» **Prompt**: Would you output the lines from the one with "Churchill Fresco Shoal" through the last line of the material below, exactly, but without pictures?

** Opening Collected data block **

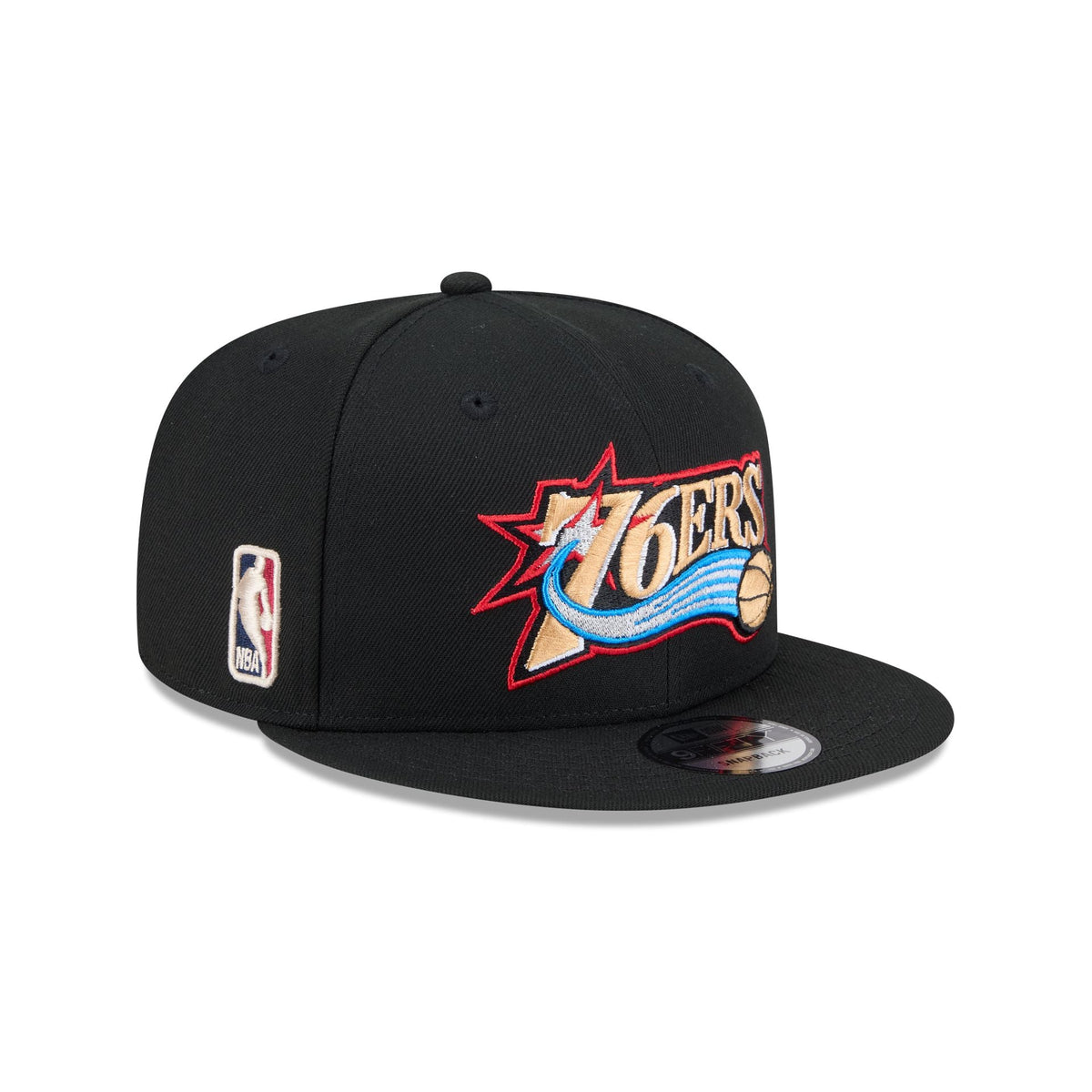 Philadelphia 76ers 1997-2008 Hardwood Classics 9FIFTY Snapback Hat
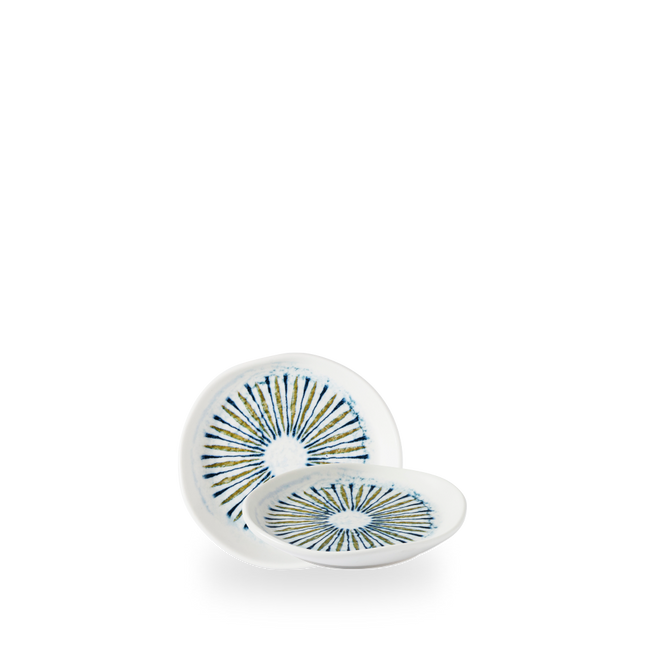 Churchill Fresco Shoal Blue organisch bord 14 cm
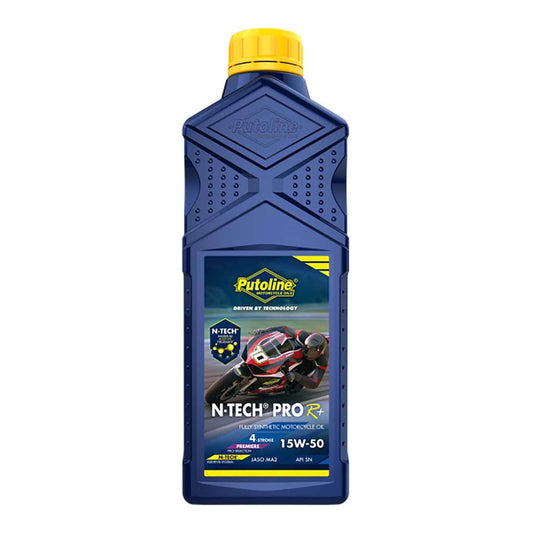 Putoline N-Tech Pro R+ Engine Oil - 15W50 (1L) (74324)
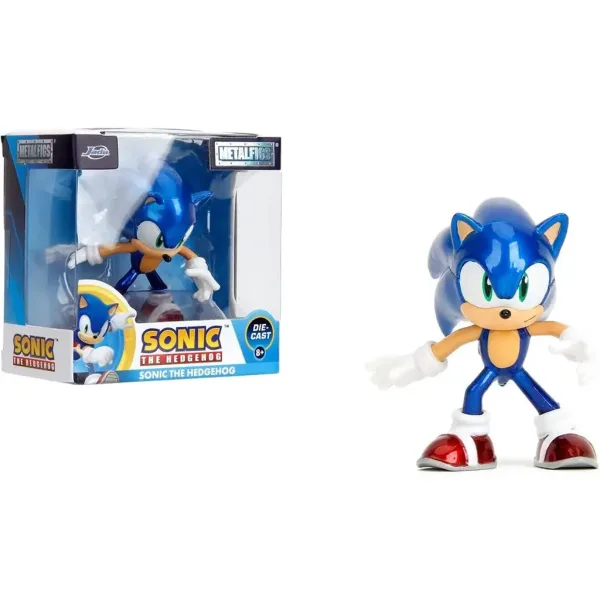 Sonic: Strela – 6,3 cm kovinska figura - Jada Toys slika 3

** Closing Collected data block **

» **Written solution**:
 Churchill Fresco Shoal Blue organisch bord 14 cm
 Putoline N-Tech Pro R+ Engine Oil - 15W50 (1L) (74324)
 Sonic: Strela – 6,3 cm kovinska figura - Jada Toys slika 3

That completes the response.